Description of the task:
From the first line to the last, print the records exactly, leaving out the pictures.

(Beginning of Supplied entries)

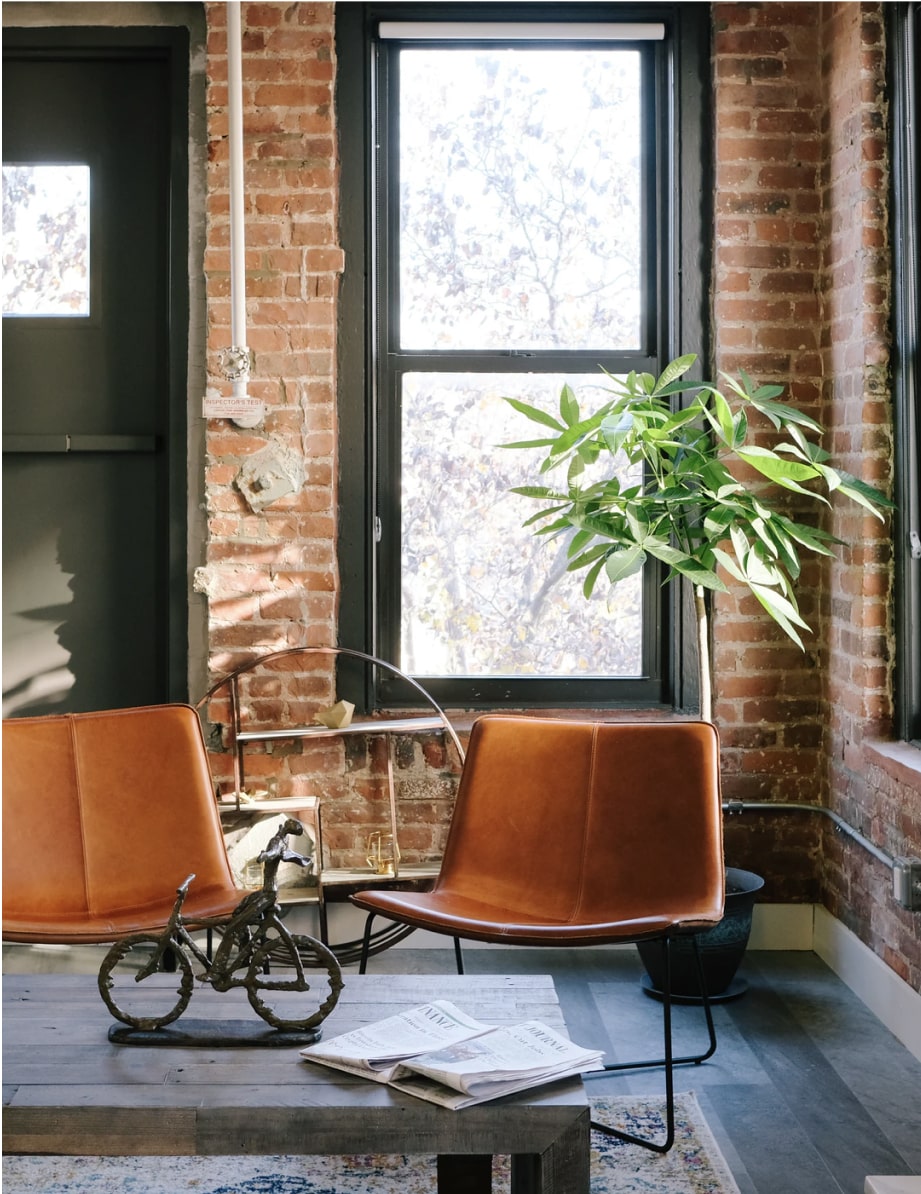 Two brown leather chairs beside a window with exposed brick walls and a potted plant.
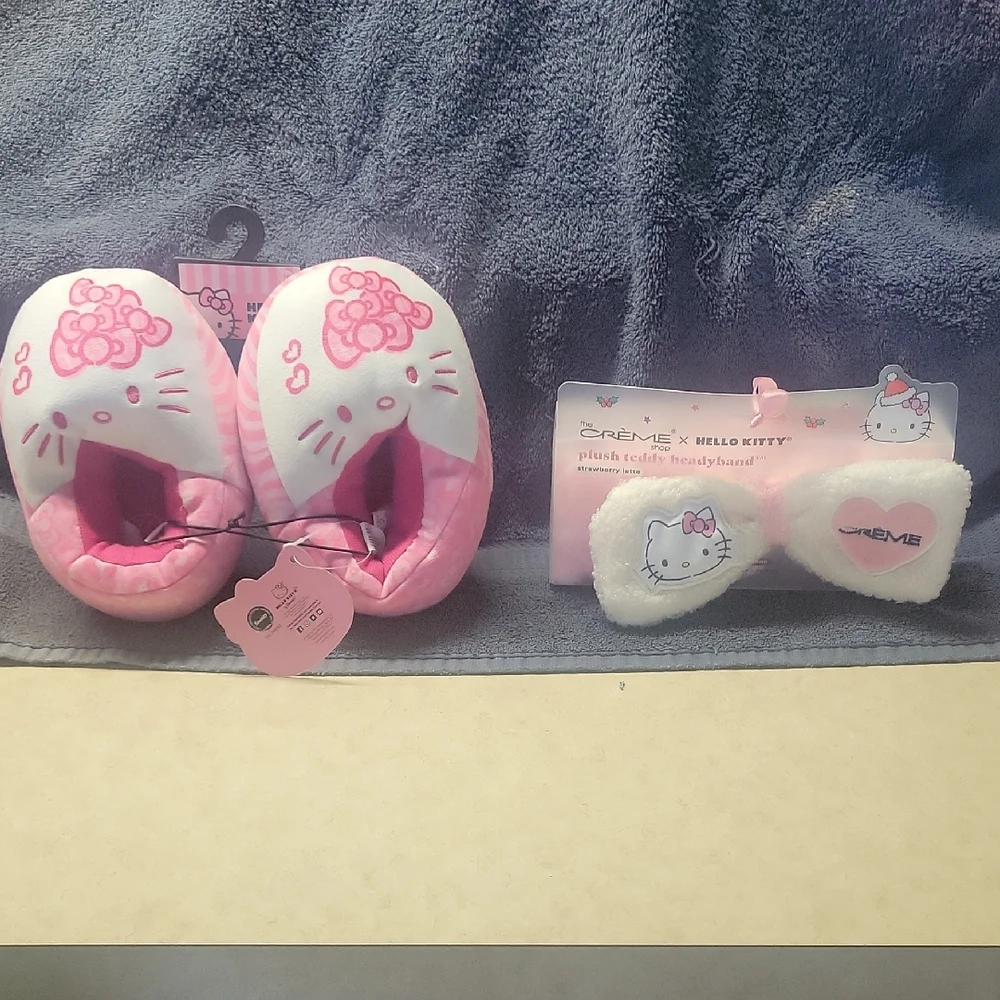 Hello Kitty Pink Plush Slippers and Headband Set. Skippers are size 7/8.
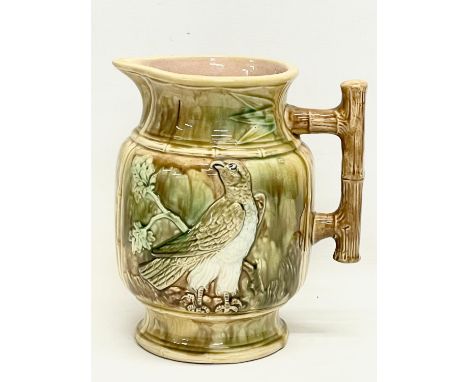 A large late 19th century Majolica pitcher. 20.5x22.5cm 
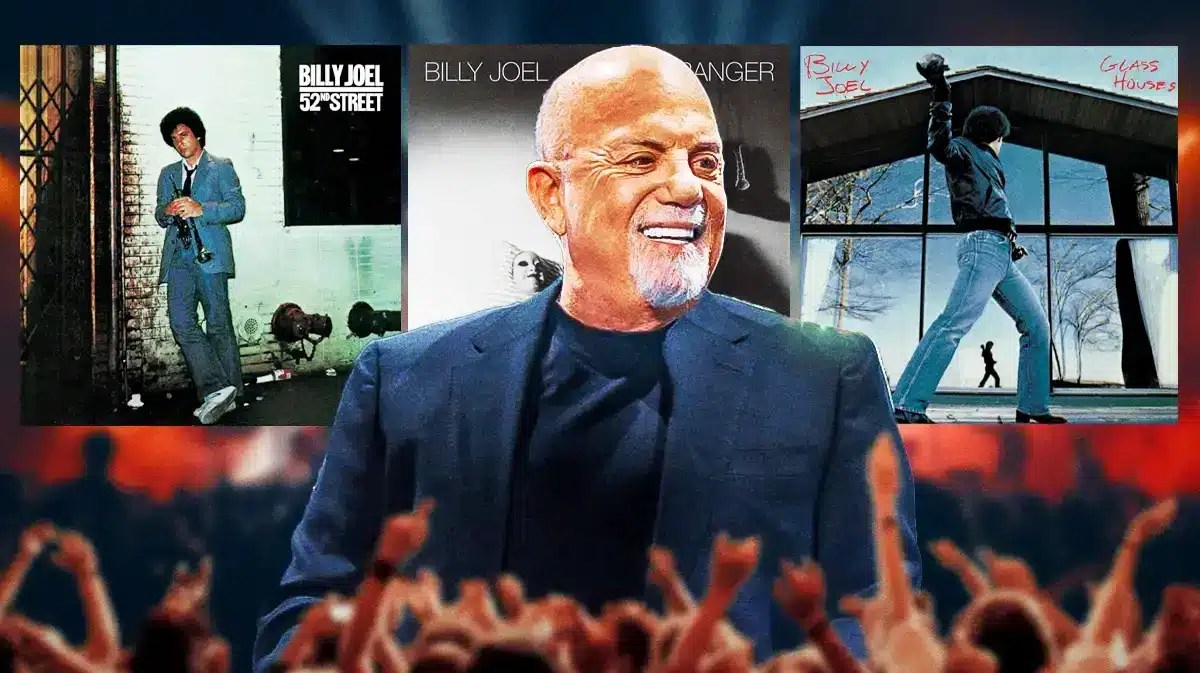Billy Joel in front of 52nd Street, The Stranger, and Glass Houses album covers.
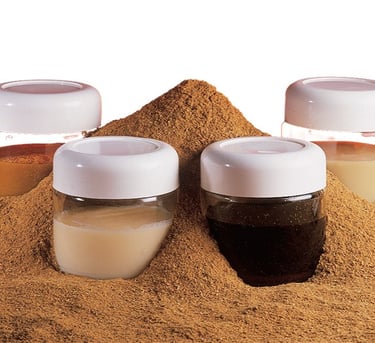 a variety of spices and spices in a pile of sand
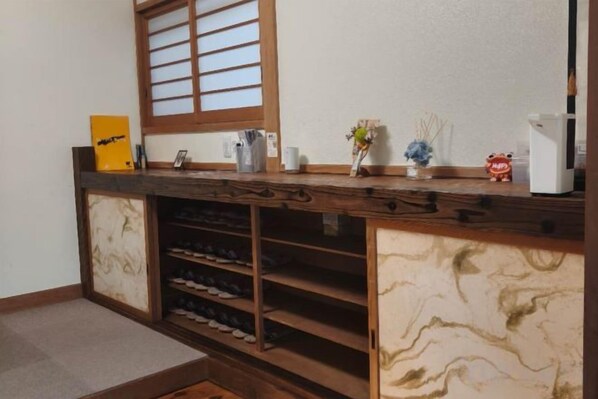 Una encimera de madera con un zapatero integrado y una ventana con listones de madera.
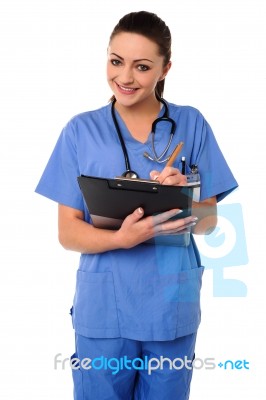 Cheerful Female Physician Writing Prescription Stock Photo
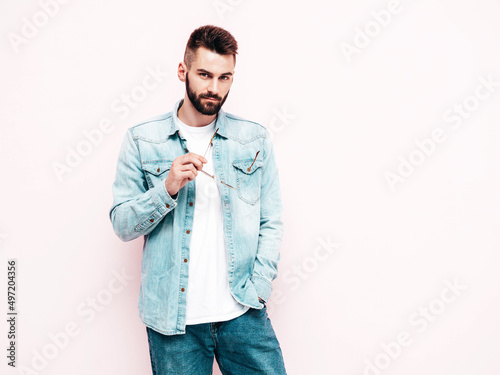 Portrait of handsome confident stylish hipster lambersexual model.Man dressed in jacket and jeans. Fashion male posing in studio in sunglasses. Isolated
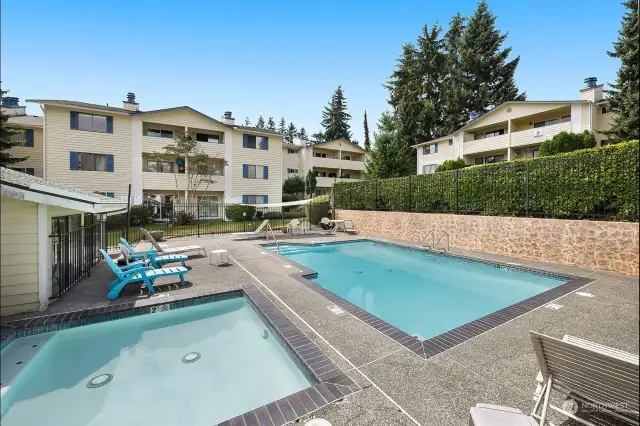 Community features an outdoor pool/hot tub area, athletic courts and surrounded by beautiful tall trees.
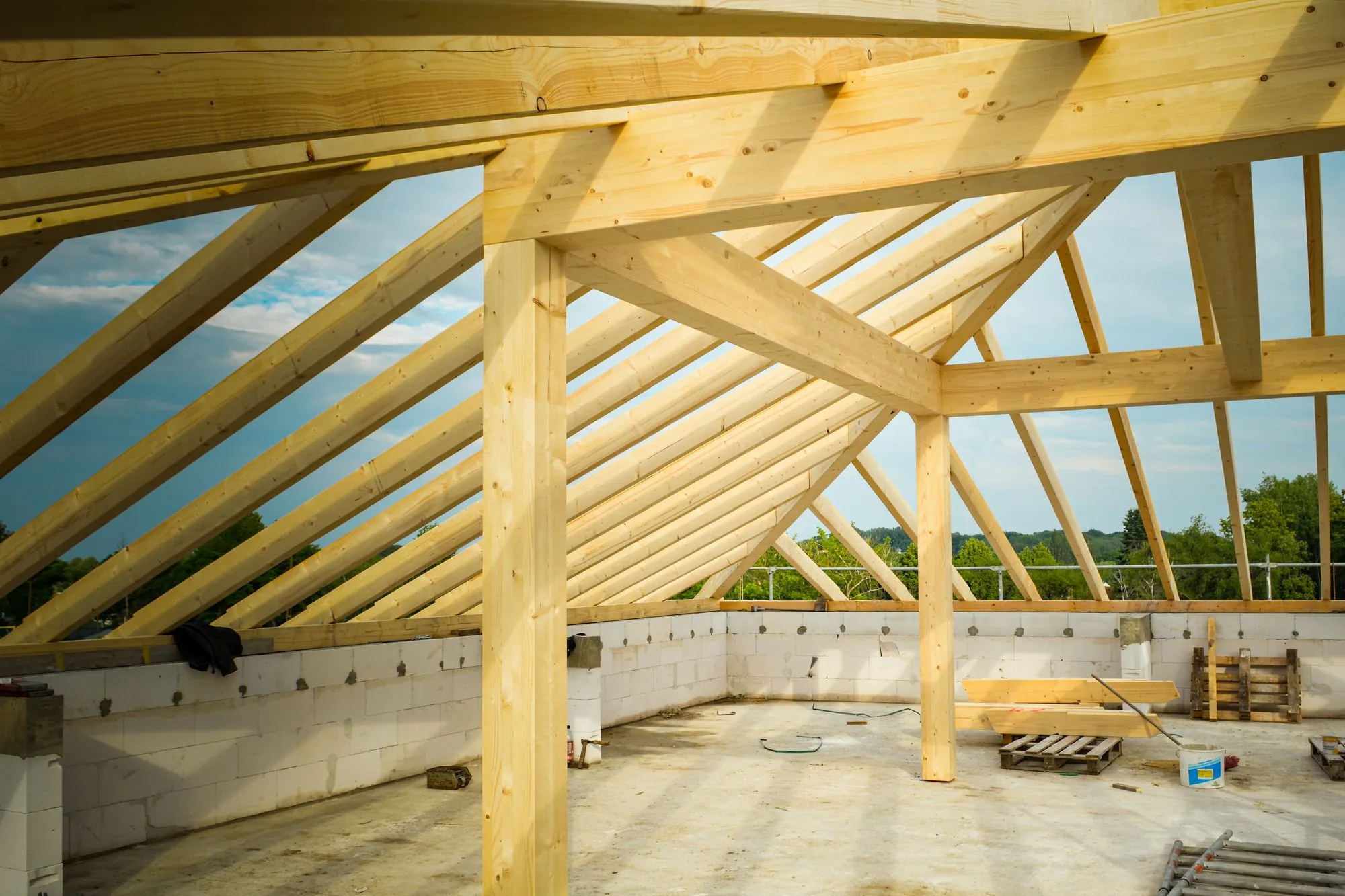 New timber roof trusses standing over an unfinished house against the sky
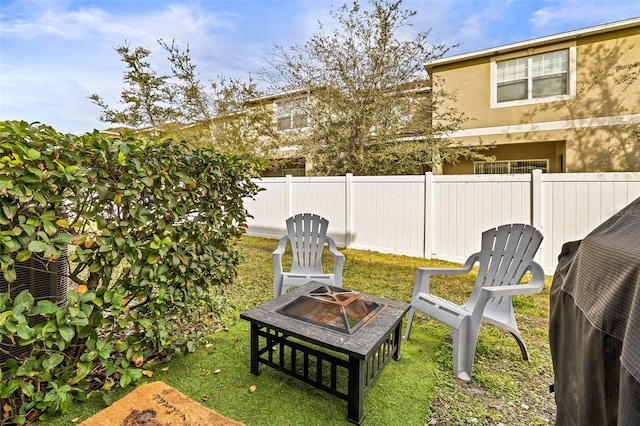 view of yard with a fire pit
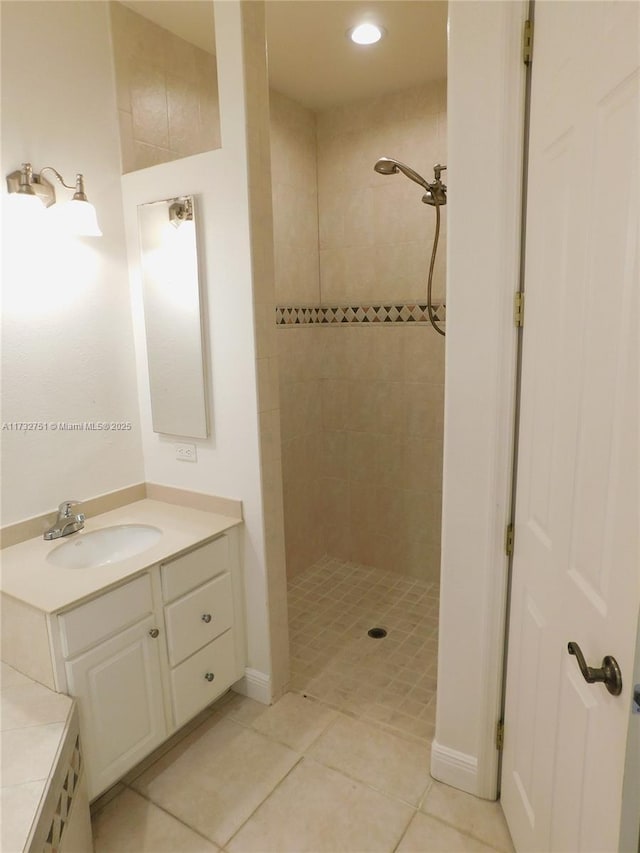 bathroom featuring tile patterned flooring, vanity, and tiled shower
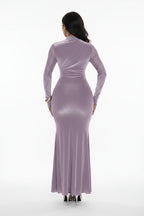 Person wearing a long-sleeve, glittery purple dress against a white curtain background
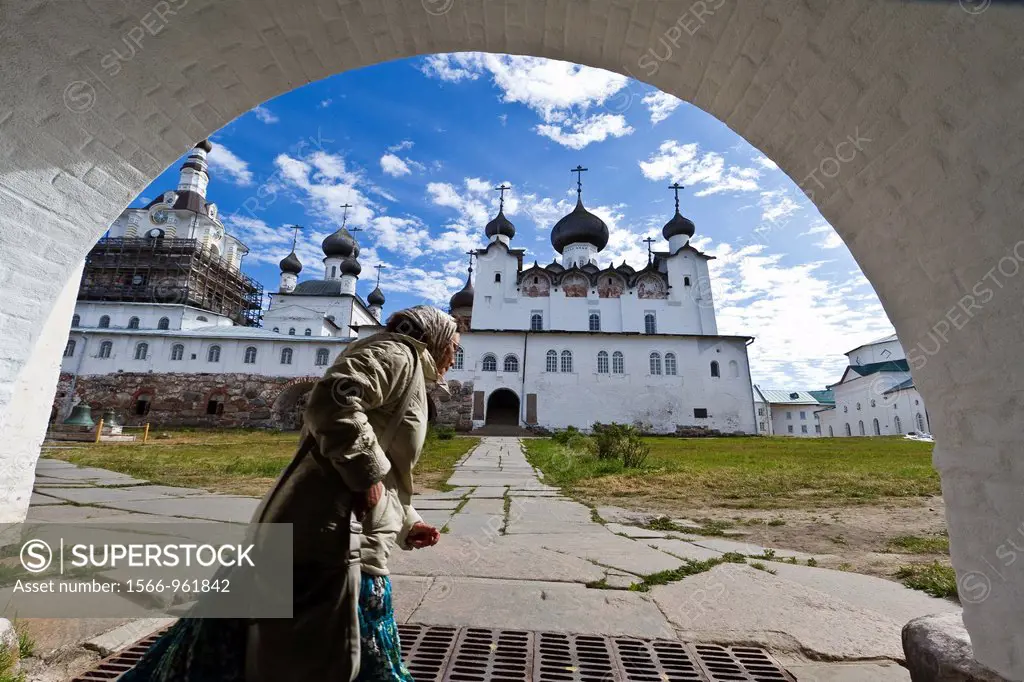 A Russian woman inside the Russian Orthodox Solovetsky Monastery founded in 1436 by 2 monks on Bolshoy Island, Solovetsky Island Group, White Sea, Rus...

(End of Supplied entries)

Solved exercise:
 Two brown leather chairs beside a window with exposed brick walls and a potted plant.
 Hello Kitty Pink Plush Slippers and Headband Set. Skippers are size 7/8.
 A large late 19th century Majolica pitcher. 20.5x22.5cm 
Billy Joel in front of 52nd Street, The Stranger, and Glass Houses album covers.
 a variety of spices and spices in a pile of sand
 Una encimera de madera con un zapatero integrado y una ventana con listones de madera.
 Cheerful Female Physician Writing Prescription Stock Photo
 Portrait of handsome confident stylish hipster lambersexual model.Man dressed in jacket and jeans. Fashion male posing in studio in sunglasses. Isolated
 Community features an outdoor pool/hot tub area, athletic courts and surrounded by beautiful tall trees.
 New timber roof trusses standing over an unfinished house against the sky
 view of yard with a fire pit
 bathroom featuring tile patterned flooring, vanity, and tiled shower
 Person wearing a long-sleeve, glittery purple dress against a white curtain background
 A Russian woman inside the Russian Orthodox Solovetsky Monastery founded in 1436 by 2 monks on Bolshoy Island, Solovetsky Island Group, White Sea, Rus...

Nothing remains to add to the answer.